How the listing tier gets computed

compute_tiers.py looks at each brand's packages:

  • 2+ packages, each with at least one priced inclusion → priced.
  • 1+ packages with a total price → estimated.
  • Everything else → listed.
  • verified = 1 always beats the computed tier.

Workflow 4 — Monthly Refresh

Runs: 1st of each month at 03:00 AEST File: workflows/4_monthly_refresh.json

What it does

Pricing changes. Providers update their sites, add packages, drop services. This workflow keeps the dataset fresh:

  1. Find providers where verified = 0 AND website IS NOT NULL AND last_enriched_at < 30 days ago.
  2. Set their enrichment_status back to 'pending'.
  3. Re-run enrich_websites.py --limit=200 against them — this re-crawls pricing pages and writes fresh source_record rows (old ones are kept for audit/history).
  4. Workflow 3 will then pick them up over the following days for AI re-extraction.
  5. compute_tiers.py runs to catch any tier changes.

New packages are inserted alongside old ones; compute_tiers looks at the current set. (A cleanup of stale packages isn't wired up yet — noted in crawlers/PIPELINE.md as a future improvement.)

Where the data lands

Same tables as Workflow 3, but you'll see multiple source_record rows per brand over time, which forms a change history.


Schema summary

funeral_brand (the provider — one per business)
  ├─ location (1..n — physical premises with lat/lng)
  ├─ package (0..n — a pricing offering)
  │    └─ package_inclusion (0..n — line items inside the package)
  ├─ known_for (0..n — descriptive tags, not yet populated by pipeline)
  └─ brand_funeral_area (many-to-many → funeral_area — service coverage, not yet populated)

source_log (one per crawler run)
source_record (one per raw record from a source, linked back to funeral_brand)

Pipeline never touches funeral_home (the parent corporation, e.g.
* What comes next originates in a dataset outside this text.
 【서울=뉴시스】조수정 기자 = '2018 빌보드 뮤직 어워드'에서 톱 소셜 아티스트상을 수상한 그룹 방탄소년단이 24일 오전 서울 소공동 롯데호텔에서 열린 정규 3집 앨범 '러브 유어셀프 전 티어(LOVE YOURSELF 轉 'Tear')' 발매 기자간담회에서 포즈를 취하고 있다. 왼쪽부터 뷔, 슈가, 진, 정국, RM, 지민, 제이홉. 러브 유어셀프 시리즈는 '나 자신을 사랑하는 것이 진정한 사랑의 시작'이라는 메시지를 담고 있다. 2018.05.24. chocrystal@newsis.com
InvoCare) or funeral_area (service area definitions) — those are populated manually or from other processes.

Columns the pipeline writes vs. leaves alone

Column Written by Notes
funeral_brand.title WF1 From source registries
funeral_brand.phone, email WF1 From source registries
funeral_brand.website WF1 or WF2 Source registry if given, else discovered
funeral_brand.abn WF2 From ABR
funeral_brand.description WF3 Meta tags
funeral_brand.business_* WF1/WF2 Preferring ABR values where available
funeral_brand.enrichment_status WF3/WF4 State machine: pending → partial → complete, failed on error
funeral_brand.last_enriched_at WF3 Used by WF4 for staleness check
funeral_brand.listing_tier compute_tiers.py After WF3/WF4
funeral_brand.source_key, source_url WF1 Immutable once set
funeral_brand.verified, hidden Never written by pipeline Admin-only
funeral_brand.background_colour, foreground_colour, modal_description, funeral_home_id Never written by pipeline Admin/branding concern
package.* WF3 (Claude Haiku) source_url = 'ai_extraction', confidence 0.7
package_inclusion.* WF3 (Claude Haiku) inclusion_type_title pulled from a 16-item vocabulary
location.* WF1 lat/lng only when source provides; google_place_key/rating require Places API (not yet wired)

The admin review flow (out of pipeline scope)
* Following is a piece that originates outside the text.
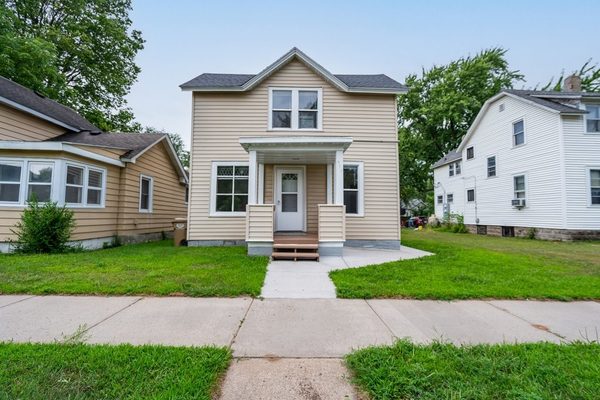 516 Cochrane St, Eau Claire WI 54703 - ResidentialIncome house for sale - MLS #1604195 - image1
A provider stays hidden = 1 until an admin reviews it. The intended flow (not yet built — listed under "What's left to do" in the memory) is:

  1. Admin UI lists newly enriched brands, sorted by tier.
  2. Admin sets hidden = 0 to publish. They can also set verified = 1 if the provider has signed on as a partner — this protects them from future pipeline updates.
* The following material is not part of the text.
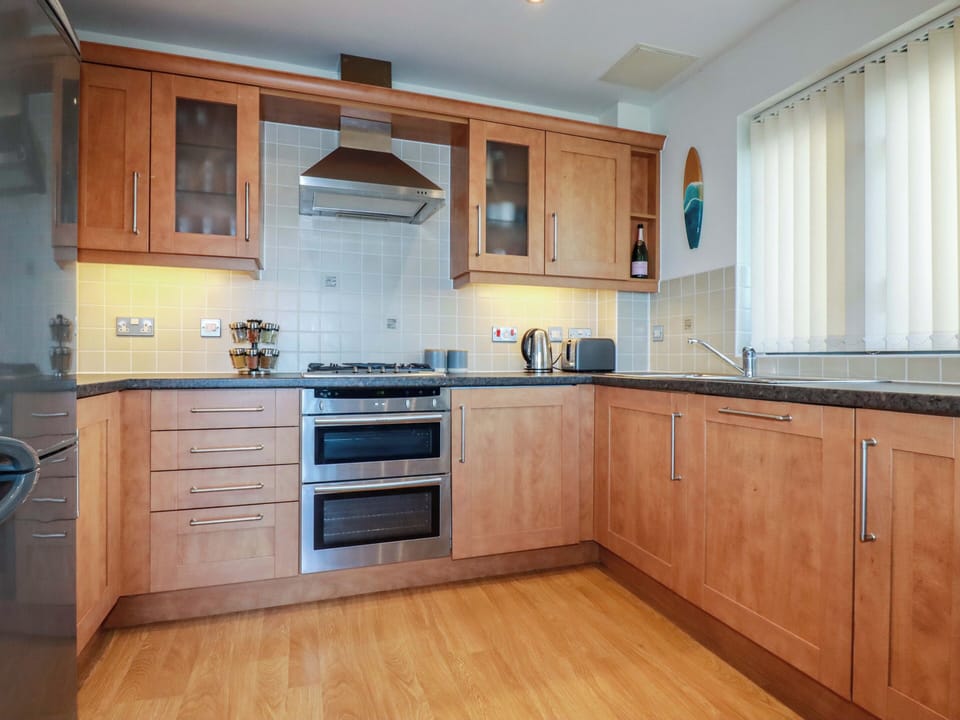 Fridge, dishwasher, electric kettle, cookware/dishes/utensils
Running manually vs. via n8n

Everything n8n does can be reproduced with shell commands. The crawlers/run_overnight.sh script is effectively a single-pass equivalent of Workflows 13 back-to-back, useful for local testing or if n8n isn't available.

The n8n workflows are the production scheduler — they batch smaller chunks, run them at sensible hours (keeping server load and external API rate limits in mind), and handle the Claude Haiku HTTP calls natively (the Python scripts don't do AI extraction; they only prepare the text for n8n to send).

See README.md in this folder for setup.